The tunesmiths of Tin Pan Alley had an expression way back when: “the old grey whistle test”. If you played your song to the grey-clad doorman and he liked it, you had a hit on your hands. The people behind the long-running BBC music show of that name were proper musos — with all the baggage that entails — and the rather opaque title was exactly the kind of reference they’d appreciate. Whistle Test (or OGWT) may have disappeared from British screens in 1987 as a new wave of young pretenders took to the stage, but its lasting place in pop culture has been explored by a new BBC Radio 2 series. Each programme devotes a full hour to a year of the show’s history, featuring archive audio and new performances from relevant acts.
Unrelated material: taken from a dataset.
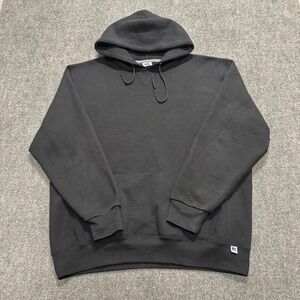 VTG Russell Athletics Hoodie Men's XL Black Pullover Faded Hooded Y2K Blank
After the brief tenure of original presenter, Melody Maker features editor Richard Williams, the face of OGWT became the iconic ‘Whispering’ Bob Harris, who’s also presenting the radio tribute. His earnest, hippyish demeanour was an easy target for pastiche, and was clearly the inspiration behind The Fast Show‘s jazz-loving Louis Balfour, while the chinstroking, head-nodding approach associated with the show has passed into pop cultural lore. Harris’s distaste for the new sounds of the late ’70s led to his departure in 1978, with his replacement, Annie Nightingale, felt to be a more suitable host. The show continued into the ’80s, with a number of different presenters, until it petered out into mid-evening irrelevance before its eventual cancellation.
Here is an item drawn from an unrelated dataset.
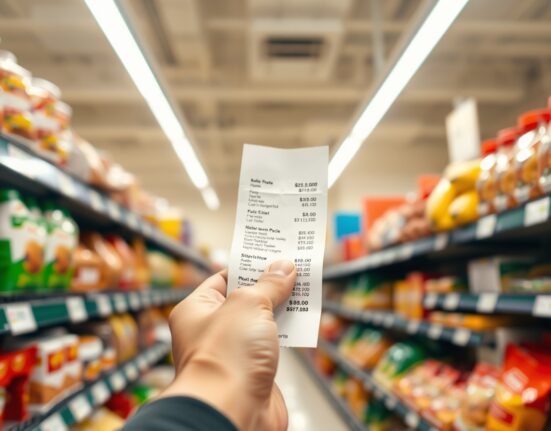 Shopper holding a receipt in an Italian grocery store, representing consumer prices and inflation.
The show’s sparse, cramped sets and hushed atmosphere meant that musicians stood or fell on their own charisma. Antediluvian though Harris’s tastes were felt to be by punk fans, his era saw a range of memorable performances from the likes of Bowie, Bill Withers and Roxy Music. Later series featured appearances by Public Image Limited, a magnificently wired and frenetic Talking Heads and John Foxx’s Ultravox at their peak with 1978’s ‘Hiroshima Mon Amour’. As someone once said, ‘Nice’.